Premature return statement inside if statement body (original) (raw)

I am a currently using LLVM to create a compiler for a C-like, imperative language. The code generation is pretty straightforward, I simply visit the Abstract Syntax Tree to emit IR.

if statements are implemented this way:

br i1 %something, label %if.then, label %if.else

if.then:
  ...
  br label %if.end

if.else:
  ...
  br label %if.end

if.end:
  ...

And return statements just emit ret i64 %something.

But this leads to invalid IR. When I have a return statement inside an if statement, I end up with ret i64 %something followed by br label %if.end. But a building block can only contain one terminator instruction at the end.

I know I could just remove the br label %if.end that is after the ret but in my current implementation of the compiler, the if statement and the statements inside the if body are not “aware” of each other, so they cannot conditionally emit IR based of the value of one another (because the if statement naively emit the statements inside its body).
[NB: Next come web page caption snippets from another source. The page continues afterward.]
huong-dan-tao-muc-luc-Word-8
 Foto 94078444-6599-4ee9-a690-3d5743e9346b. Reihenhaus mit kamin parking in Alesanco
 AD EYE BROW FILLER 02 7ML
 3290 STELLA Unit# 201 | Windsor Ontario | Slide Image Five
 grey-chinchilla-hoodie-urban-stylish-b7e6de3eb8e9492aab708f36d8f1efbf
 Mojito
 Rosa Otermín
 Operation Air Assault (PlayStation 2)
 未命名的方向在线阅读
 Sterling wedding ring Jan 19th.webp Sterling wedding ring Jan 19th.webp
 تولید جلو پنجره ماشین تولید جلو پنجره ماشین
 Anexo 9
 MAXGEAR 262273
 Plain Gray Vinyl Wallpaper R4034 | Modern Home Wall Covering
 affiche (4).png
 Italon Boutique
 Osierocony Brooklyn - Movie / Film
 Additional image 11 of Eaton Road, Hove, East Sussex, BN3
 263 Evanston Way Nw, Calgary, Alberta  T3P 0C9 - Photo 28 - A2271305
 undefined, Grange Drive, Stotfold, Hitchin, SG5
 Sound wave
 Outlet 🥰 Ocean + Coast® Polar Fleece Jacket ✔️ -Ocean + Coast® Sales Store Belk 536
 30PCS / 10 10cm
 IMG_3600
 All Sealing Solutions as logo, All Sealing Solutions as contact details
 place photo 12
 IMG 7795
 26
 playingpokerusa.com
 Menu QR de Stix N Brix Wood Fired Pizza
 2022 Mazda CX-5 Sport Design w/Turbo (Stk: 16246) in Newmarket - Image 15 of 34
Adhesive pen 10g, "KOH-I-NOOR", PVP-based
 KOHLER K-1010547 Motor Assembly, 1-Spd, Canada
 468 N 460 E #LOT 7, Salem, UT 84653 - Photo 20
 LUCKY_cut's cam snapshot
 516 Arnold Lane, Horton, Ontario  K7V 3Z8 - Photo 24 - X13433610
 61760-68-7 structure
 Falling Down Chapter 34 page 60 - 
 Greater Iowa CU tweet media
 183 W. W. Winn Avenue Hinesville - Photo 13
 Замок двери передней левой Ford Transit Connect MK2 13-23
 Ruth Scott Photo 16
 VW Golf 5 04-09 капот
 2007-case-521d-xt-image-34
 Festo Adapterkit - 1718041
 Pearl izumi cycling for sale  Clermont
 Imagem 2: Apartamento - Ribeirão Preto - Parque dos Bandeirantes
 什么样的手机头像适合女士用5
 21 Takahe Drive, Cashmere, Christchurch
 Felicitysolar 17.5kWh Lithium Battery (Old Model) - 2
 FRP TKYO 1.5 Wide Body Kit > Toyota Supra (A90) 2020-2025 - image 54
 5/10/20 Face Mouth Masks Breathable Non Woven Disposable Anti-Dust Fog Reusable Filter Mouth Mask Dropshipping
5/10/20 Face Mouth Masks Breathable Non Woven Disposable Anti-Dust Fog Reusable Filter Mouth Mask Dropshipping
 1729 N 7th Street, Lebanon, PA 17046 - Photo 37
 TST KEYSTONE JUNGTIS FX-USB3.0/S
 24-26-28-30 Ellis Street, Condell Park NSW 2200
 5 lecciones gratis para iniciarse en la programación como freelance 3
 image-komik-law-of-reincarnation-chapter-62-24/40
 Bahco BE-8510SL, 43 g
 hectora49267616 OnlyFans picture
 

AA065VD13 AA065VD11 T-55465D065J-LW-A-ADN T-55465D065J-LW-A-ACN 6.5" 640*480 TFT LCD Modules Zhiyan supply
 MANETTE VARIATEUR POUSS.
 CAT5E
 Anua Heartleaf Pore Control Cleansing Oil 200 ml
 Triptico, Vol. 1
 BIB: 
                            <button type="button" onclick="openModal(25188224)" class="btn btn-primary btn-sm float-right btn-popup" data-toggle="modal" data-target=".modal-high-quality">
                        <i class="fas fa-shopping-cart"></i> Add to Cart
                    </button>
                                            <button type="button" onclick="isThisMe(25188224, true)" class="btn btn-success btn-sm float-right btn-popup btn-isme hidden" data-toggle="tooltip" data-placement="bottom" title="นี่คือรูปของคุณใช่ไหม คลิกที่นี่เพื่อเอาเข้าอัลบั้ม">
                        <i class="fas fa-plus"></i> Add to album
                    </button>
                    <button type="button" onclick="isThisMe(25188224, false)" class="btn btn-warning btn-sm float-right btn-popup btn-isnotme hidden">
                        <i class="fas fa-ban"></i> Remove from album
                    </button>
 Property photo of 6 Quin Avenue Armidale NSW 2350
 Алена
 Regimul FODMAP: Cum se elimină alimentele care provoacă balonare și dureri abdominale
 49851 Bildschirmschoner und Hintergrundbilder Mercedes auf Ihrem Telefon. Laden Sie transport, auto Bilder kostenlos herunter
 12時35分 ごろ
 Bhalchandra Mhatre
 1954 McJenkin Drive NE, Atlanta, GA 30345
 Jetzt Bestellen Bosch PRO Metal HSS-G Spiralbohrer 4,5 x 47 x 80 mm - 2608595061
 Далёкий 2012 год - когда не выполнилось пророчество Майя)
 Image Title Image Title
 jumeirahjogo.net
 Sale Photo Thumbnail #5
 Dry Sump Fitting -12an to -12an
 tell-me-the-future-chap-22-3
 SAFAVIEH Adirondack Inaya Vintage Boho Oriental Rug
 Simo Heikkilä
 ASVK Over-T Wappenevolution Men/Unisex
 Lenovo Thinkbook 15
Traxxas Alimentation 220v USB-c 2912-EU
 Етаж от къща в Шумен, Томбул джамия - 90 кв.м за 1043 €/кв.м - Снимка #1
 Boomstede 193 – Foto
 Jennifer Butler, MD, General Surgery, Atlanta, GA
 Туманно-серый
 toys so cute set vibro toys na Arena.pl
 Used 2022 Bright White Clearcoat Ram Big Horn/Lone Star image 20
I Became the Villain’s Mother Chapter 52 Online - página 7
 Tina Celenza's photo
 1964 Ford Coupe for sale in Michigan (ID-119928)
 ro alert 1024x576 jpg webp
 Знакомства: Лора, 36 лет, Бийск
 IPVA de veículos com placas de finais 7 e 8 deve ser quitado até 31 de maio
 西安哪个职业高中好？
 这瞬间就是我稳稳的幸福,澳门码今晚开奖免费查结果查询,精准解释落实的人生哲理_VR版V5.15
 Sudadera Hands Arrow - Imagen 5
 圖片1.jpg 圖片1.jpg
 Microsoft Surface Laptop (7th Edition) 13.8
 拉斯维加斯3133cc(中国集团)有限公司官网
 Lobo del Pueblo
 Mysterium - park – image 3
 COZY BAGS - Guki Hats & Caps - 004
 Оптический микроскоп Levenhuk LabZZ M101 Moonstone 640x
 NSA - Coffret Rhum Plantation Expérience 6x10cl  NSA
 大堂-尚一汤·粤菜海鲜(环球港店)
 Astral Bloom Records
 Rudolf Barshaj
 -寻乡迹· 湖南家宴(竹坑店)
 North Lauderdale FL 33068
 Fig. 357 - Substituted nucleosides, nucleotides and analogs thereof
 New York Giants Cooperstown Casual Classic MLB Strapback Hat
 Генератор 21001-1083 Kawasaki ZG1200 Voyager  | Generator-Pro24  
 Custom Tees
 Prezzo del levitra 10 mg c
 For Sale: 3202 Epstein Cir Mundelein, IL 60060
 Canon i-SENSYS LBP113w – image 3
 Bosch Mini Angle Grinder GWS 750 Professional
One other thing I find strange is that clang compiles the invalid IR without even complaining, and the resulting machine code seems to be perfectly fine. However, when I call the verify pass on the resulting IR module, I indeed get the error about mutliple terminators inside of building blocks.

How do I produce valid IR in this case while keeping my code generation relatively simple?

kparzysz June 14, 2024, 12:47pm 2

After you insert return you can simply split the basic block at the position immediately following the return. The remaining part will be unreachable, and it will be eventually removed.

pogo59 June 14, 2024, 12:59pm 3

But the if-generation would have to be aware of the split, meaning the codgen for the then-part would have to communicate something back to the caller. Might as well just return a “I’ve already terminated the block” flag.

This communication presumably needs to happen anyway to handle other nested control flow (like nested ifs, or a loop inside of the then block).

Thanks everybody for the help. I ended up communicating the “I’ve terminated the block” to the caller, it seems to work fine.